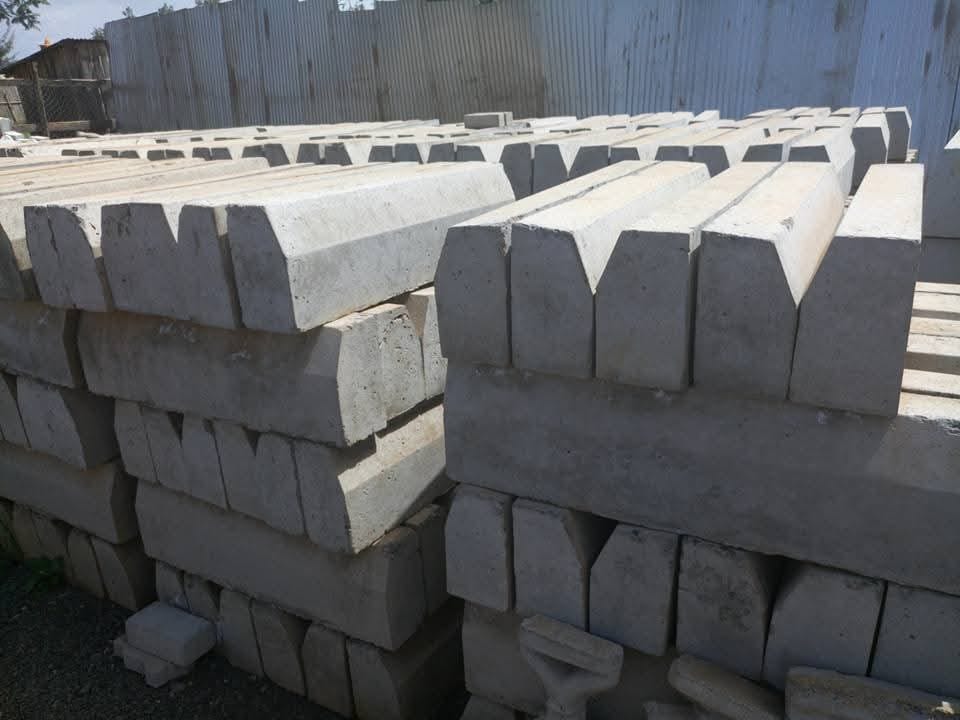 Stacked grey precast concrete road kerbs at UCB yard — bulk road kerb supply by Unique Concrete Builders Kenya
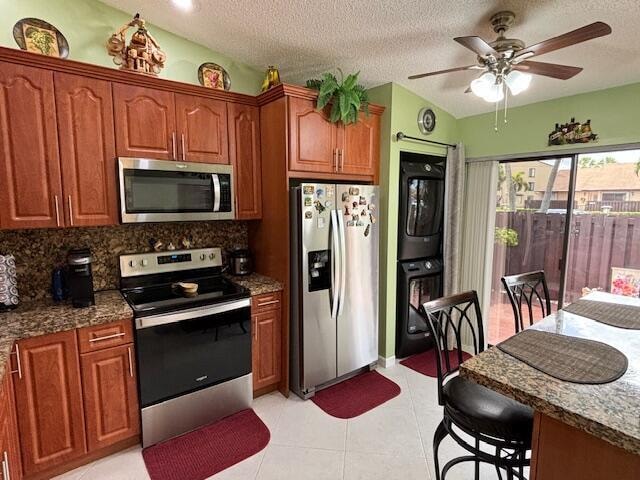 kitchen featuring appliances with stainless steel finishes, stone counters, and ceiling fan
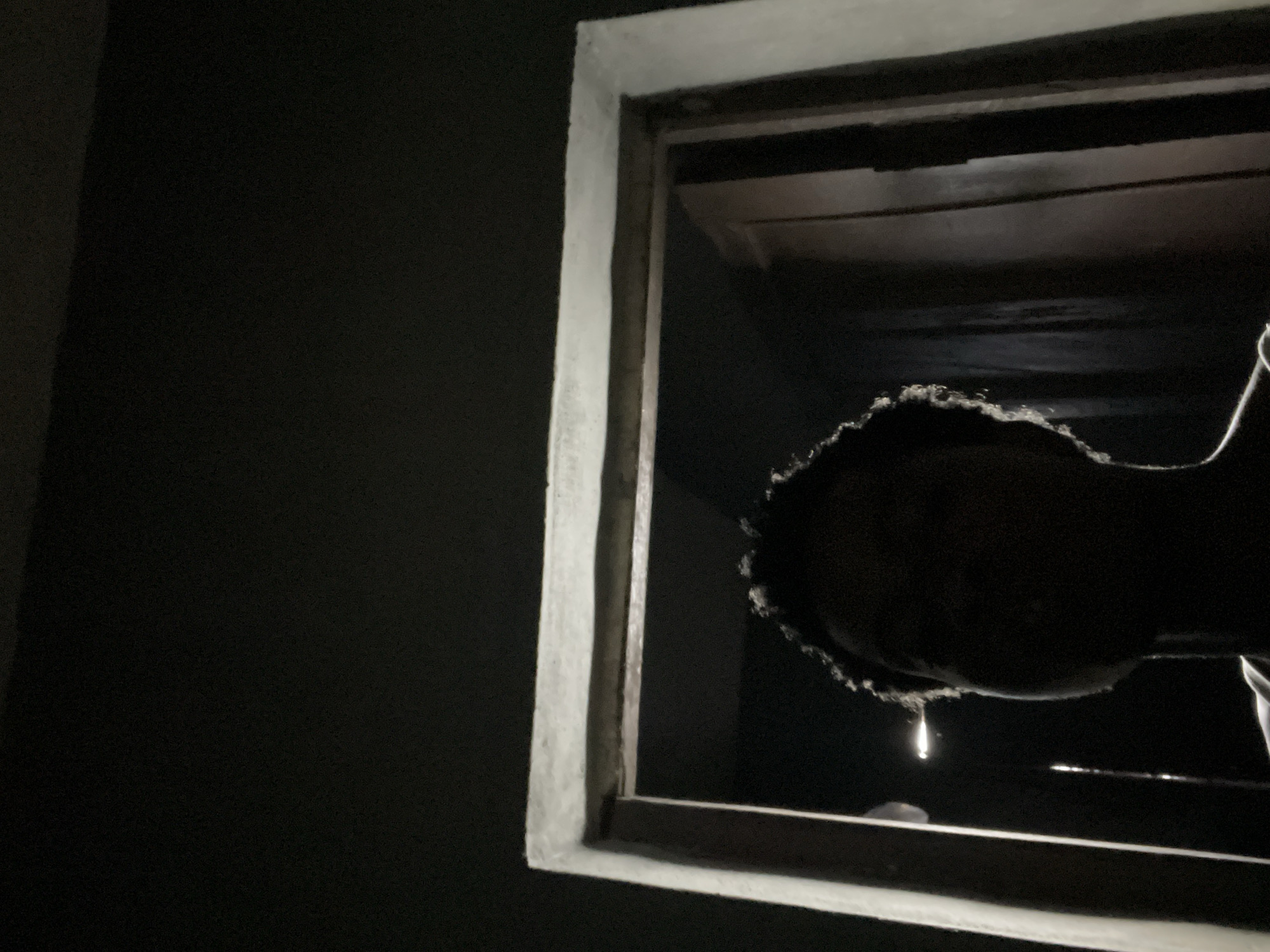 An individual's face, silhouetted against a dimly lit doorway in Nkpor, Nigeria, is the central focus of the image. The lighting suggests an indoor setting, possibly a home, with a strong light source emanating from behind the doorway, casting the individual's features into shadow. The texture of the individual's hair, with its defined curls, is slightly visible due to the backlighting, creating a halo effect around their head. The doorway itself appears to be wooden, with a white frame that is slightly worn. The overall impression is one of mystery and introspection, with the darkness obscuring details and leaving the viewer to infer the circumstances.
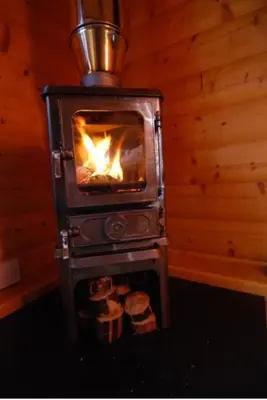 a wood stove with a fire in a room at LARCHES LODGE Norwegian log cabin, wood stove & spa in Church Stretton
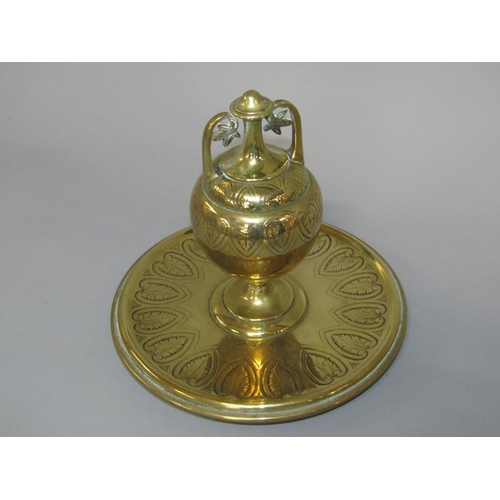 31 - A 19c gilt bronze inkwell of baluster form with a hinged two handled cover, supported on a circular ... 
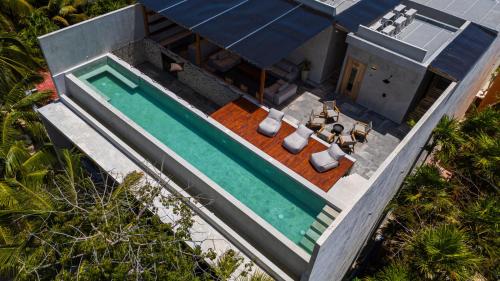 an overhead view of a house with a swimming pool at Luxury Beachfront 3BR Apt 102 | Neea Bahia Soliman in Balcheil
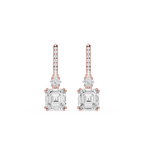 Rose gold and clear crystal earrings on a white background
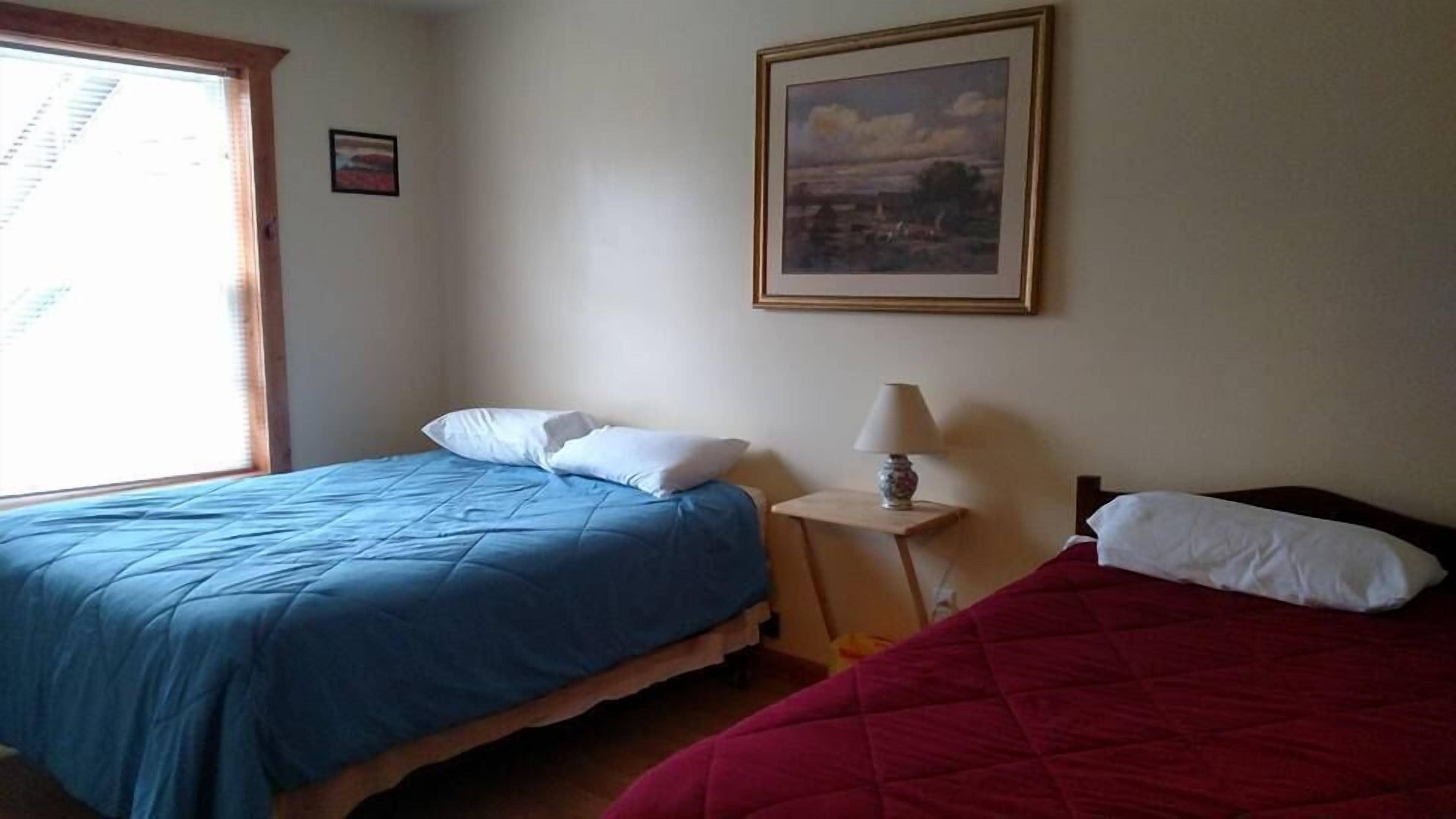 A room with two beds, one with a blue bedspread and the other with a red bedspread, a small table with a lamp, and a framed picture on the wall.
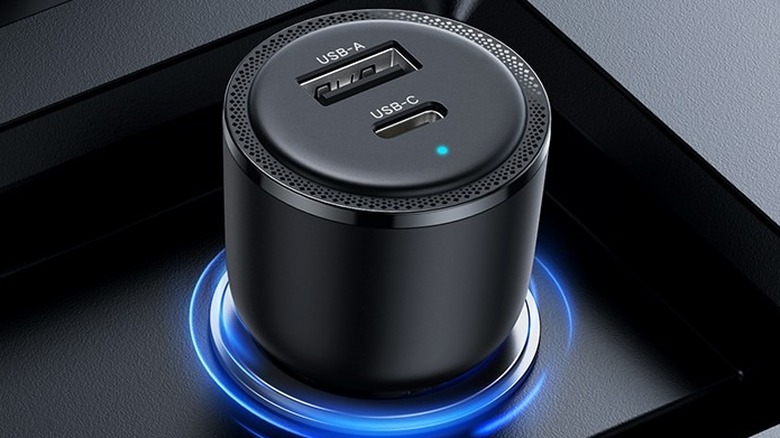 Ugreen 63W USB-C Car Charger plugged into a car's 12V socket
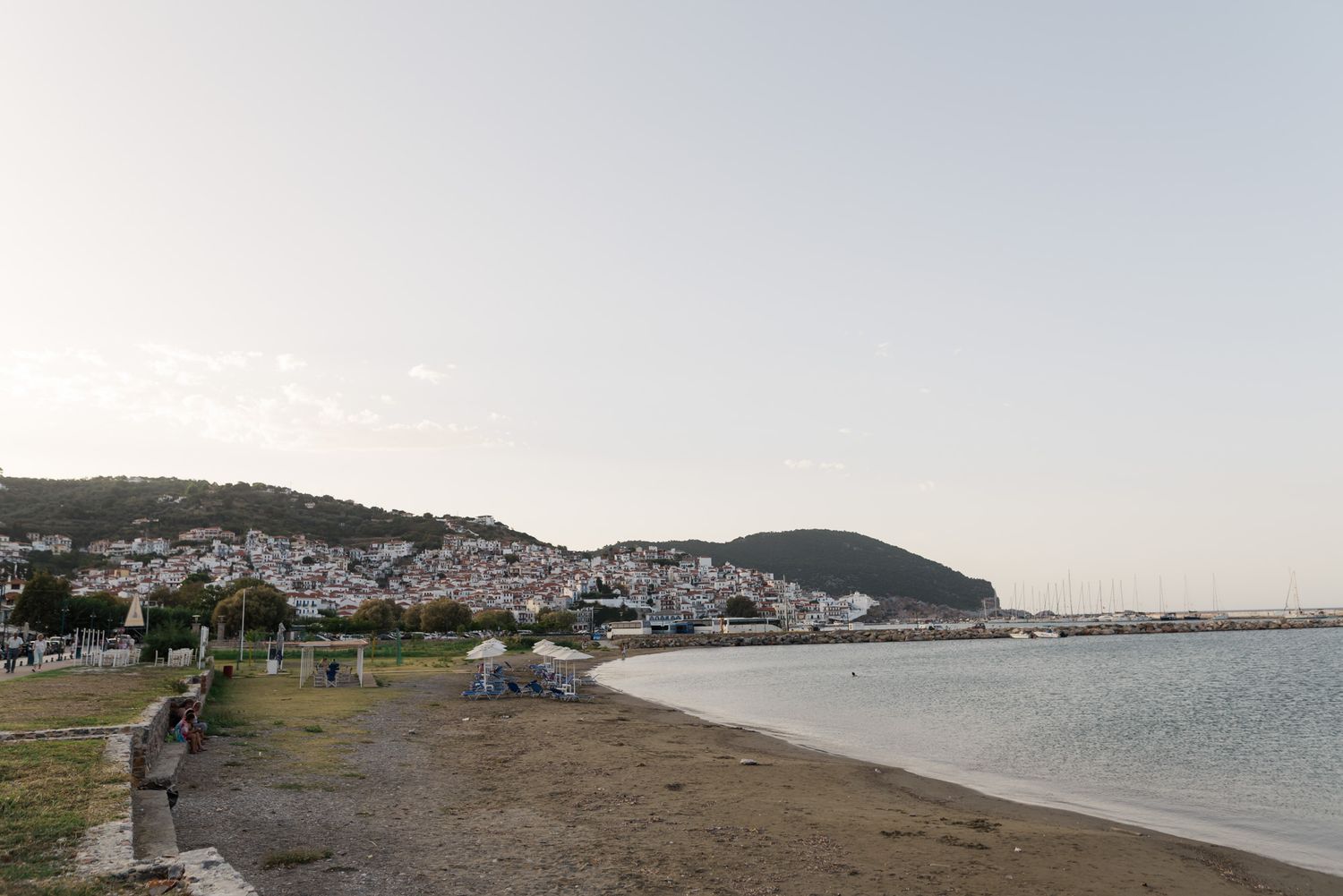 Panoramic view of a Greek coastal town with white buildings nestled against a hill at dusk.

* WHAT TO DO: Copy the lines above exactly, starting with the line that contains "a wood stove" and ending with the line that contains "Rose gold and", and leave out any pictures.

* SOLUTION TO THIS EXERCISE:
 a wood stove with a fire in a room at LARCHES LODGE Norwegian log cabin, wood stove & spa in Church Stretton
 31 - A 19c gilt bronze inkwell of baluster form with a hinged two handled cover, supported on a circular ... 
 an overhead view of a house with a swimming pool at Luxury Beachfront 3BR Apt 102 | Neea Bahia Soliman in Balcheil
 Rose gold and clear crystal earrings on a white background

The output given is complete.